Thanks once again to Robert Klips (Orthotrichum@Flickr) for sharing one of his photograph with BPotD (original via the BPotD Flickr Pool). Much appreciated!
Though these may appear to be acorns rapidly fired into small bits of cookie dough, they are actually the fruiting bodies of the rounded earthstar, Geastrum saccatum. Geastrum literally translates to earth star, and the genus has a cosmopolitan temperate and tropical distribution. Geastrum saccatum contributes to that broad range, as it is the most widespread species.
As Robert explains in his comments on Flickr, earthstars resemble puffballs when the fruiting bodies first begin to develop. As it matures, the outer skin (outer peridium) splits and peels back, forming the star pattern.

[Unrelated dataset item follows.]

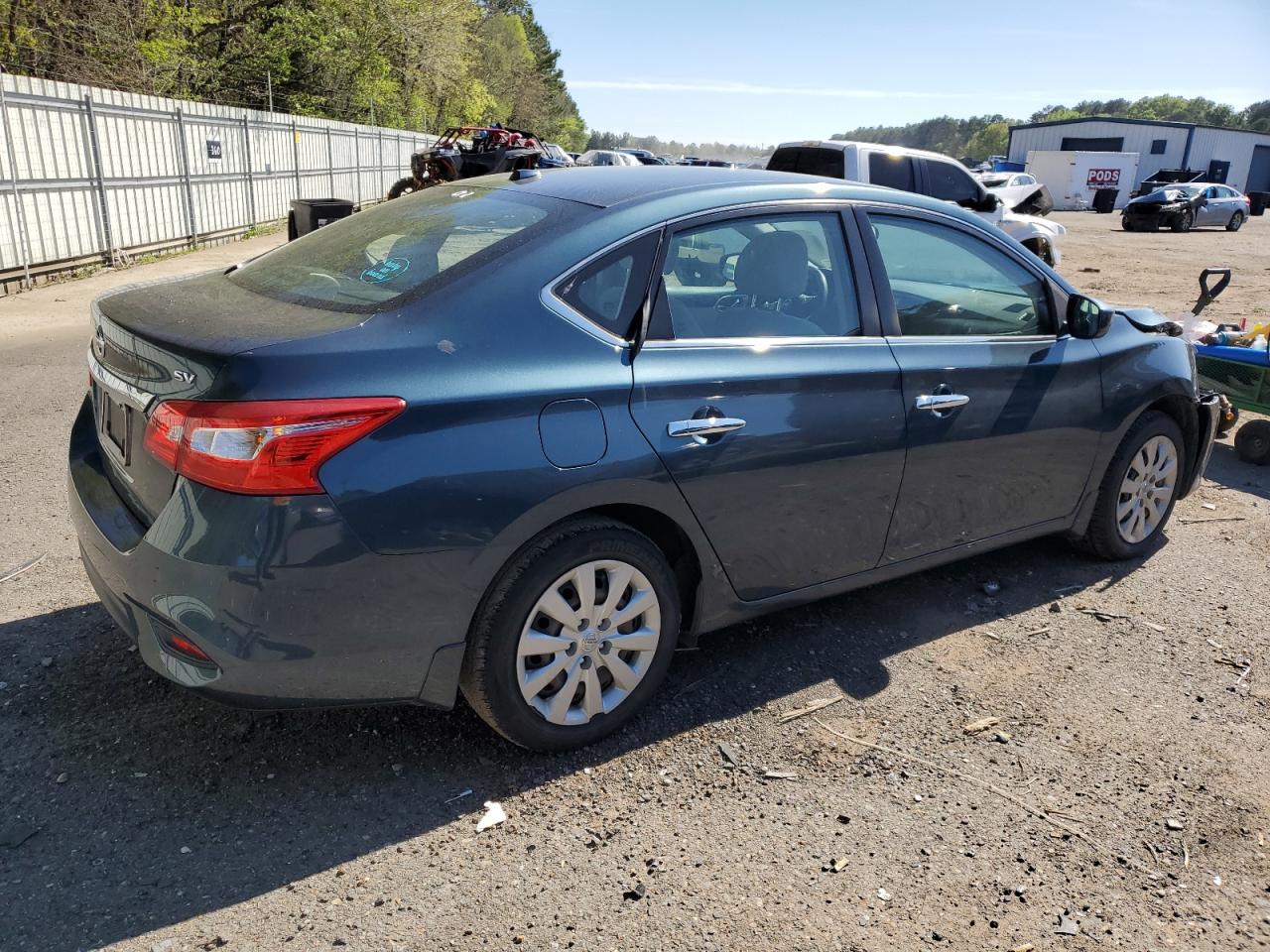 Photo 2 VIN: 3N1AB7AP4HY266998 - NISSAN SENTRA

In some species, the shape and length of the segments of the outer peridium are enough to elevate the inner spore sac away from the ground, but in the case of Geastrum saccatum, the fruiting body remains relatively flat and close to the ground (or as Michael Kuo describes in a linked article above, the spore case "sits directly on the arms, as though in a bowl (without a pedestal)".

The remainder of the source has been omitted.